# Eventing Final tomorrow!



## R_H (30 July 2012)

I am one of the very lucky people who managed to get last minute tickets for the show jumping tomorrow! 

any ideas on what is a good time to arrive if you are collecting from the box office? and is the final horse inspection public?

It's going to be very exciting - Team gold? it's possible? 

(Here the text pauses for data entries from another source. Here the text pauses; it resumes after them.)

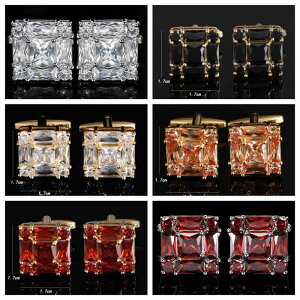 カフスボタン メンズ スクエア 正方形 ジルコニア ゴールド シルバー ホワイト ブラック ワインレッド シャンパンカラー ビジネス フォーマル 結婚式 パーティー 高級感 おしゃれ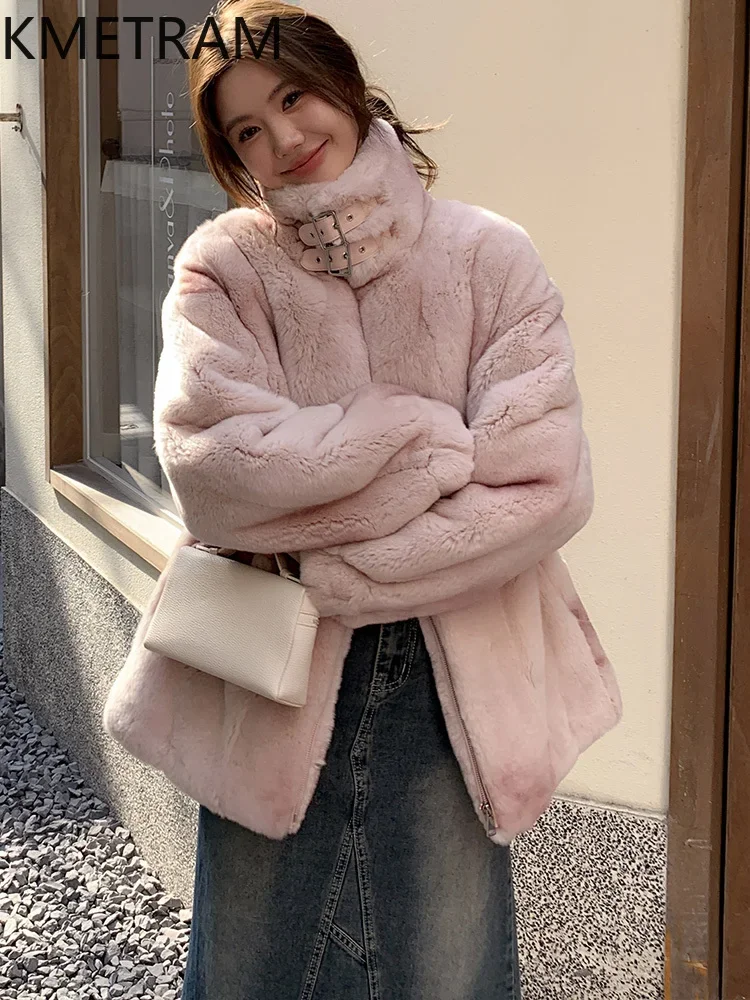 Real Rex Rabbit Fur Jacket Woman Luxury 2024 Winter Clothes Pink Long Fur Coat Women Trending Fashion New in Outerwears шуба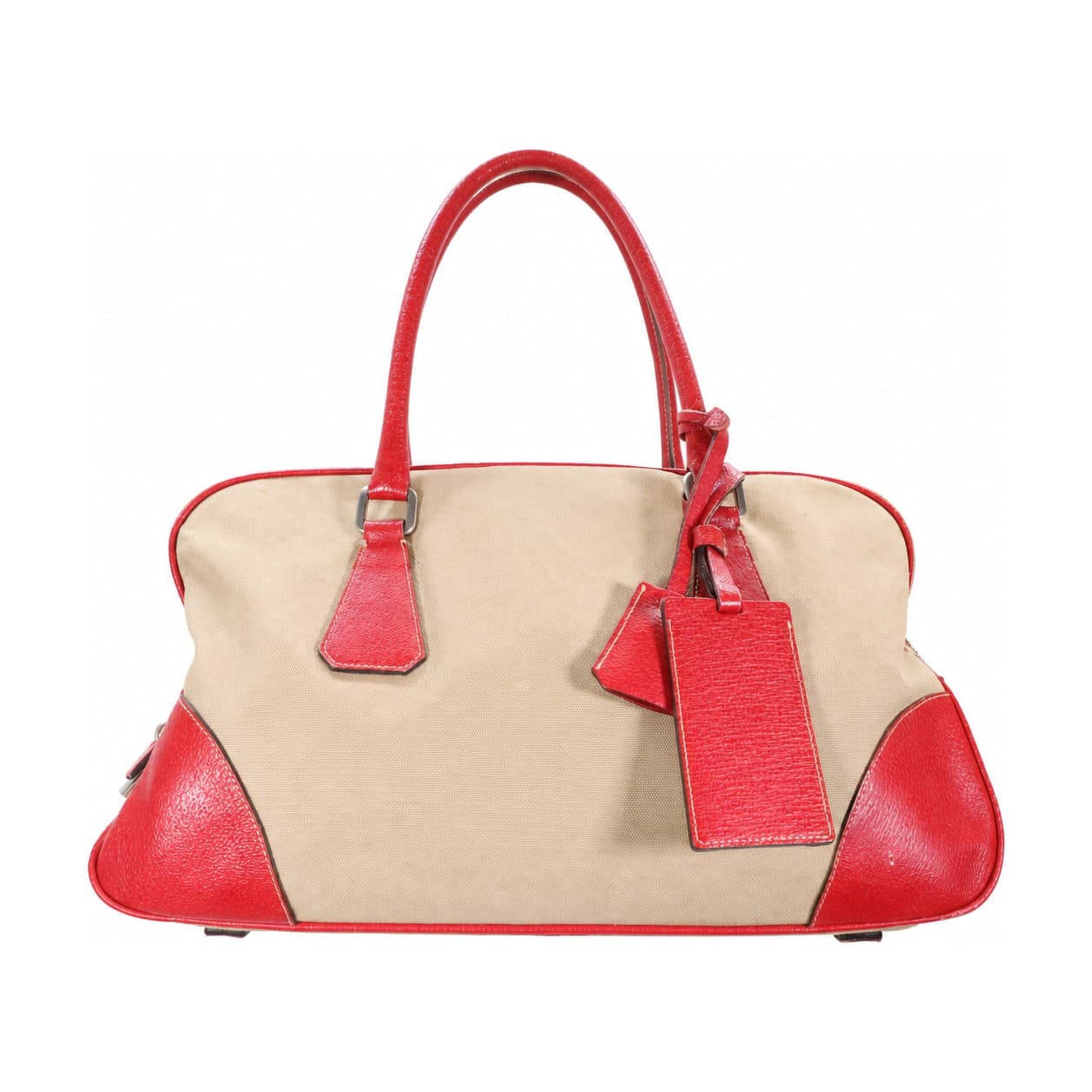 Prada Canvas Leather Bowling Bag Dome Handbag Purse Beige Red Top Handle handbags auction on bidia.ai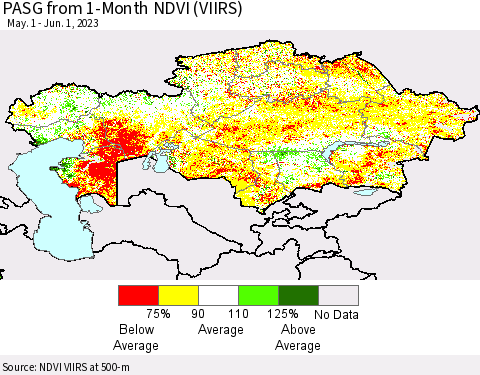 Kazakhstan PASG from 1-Month NDVI (VIIRS) Thematic Map For 5/25/2023 - 6/1/2023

also what are your medal predictions after today?


----------



## Cazzabombazza (30 July 2012)

Will be exciting! However I had recorded the Xc today so I was on a delay! Has it finished yet, and how are we doing??


----------



## BobbyMondeo (30 July 2012)

Cazzabombazza said:



			Will be exciting! However I had recorded the Xc today so I was on a delay! Has it finished yet, and how are we doing??
		
Click to expand...

Yes finished now! We finished second on 130.2 all 5 riders did a fantastic job!!


----------



## Cazzabombazza (30 July 2012)

Wow we're doing so well! I only didn't see Fox-Pit the rest were amazing! How far behind are we to whoever (Germans?) is in front?


----------



## BobbyMondeo (30 July 2012)

Germans are on 124.7 so only 2 fences in it. and 1 fence between us and Sweden and New Zealand. 

It really is a close one! Going to be so exciting tomorrow


----------



## R_H (30 July 2012)

Full results after XC here 
http://www.london2012.com/equestrian/event/eventing-individual/phase=eqx003300/index.html


----------



## BobbyMondeo (30 July 2012)

In other thoughts i think gold is within our reach! especially at home with the roar of the british crowd cheering them on 

Individual medal for grabs for mary or tina isnt out of the question either in my opinion


----------



## R_H (30 July 2012)

Will Michael Jung get the gold? European/World/Olympic Champion is some title isn't it! 
Fingers and toes will both be crossed for a GB gold!


----------



## BobbyMondeo (30 July 2012)

Definitely a title he will be wanting to achieve.

GB have just go to ride the best they have ever ridden and take the home support and run with it, today should have given them confidence though which is great.

Fingers crossed!!!


----------



## R_H (30 July 2012)

was there any other team to get all 5 team members clear cross country?


----------



## BobbyMondeo (30 July 2012)

I dont think there was actually.....didnt think about that till now. If not then we did pretty darn good


----------



## Areion (30 July 2012)

GB, Germany, New Zealand and Sweden. GB the only team with 3 riders inside the time though!


----------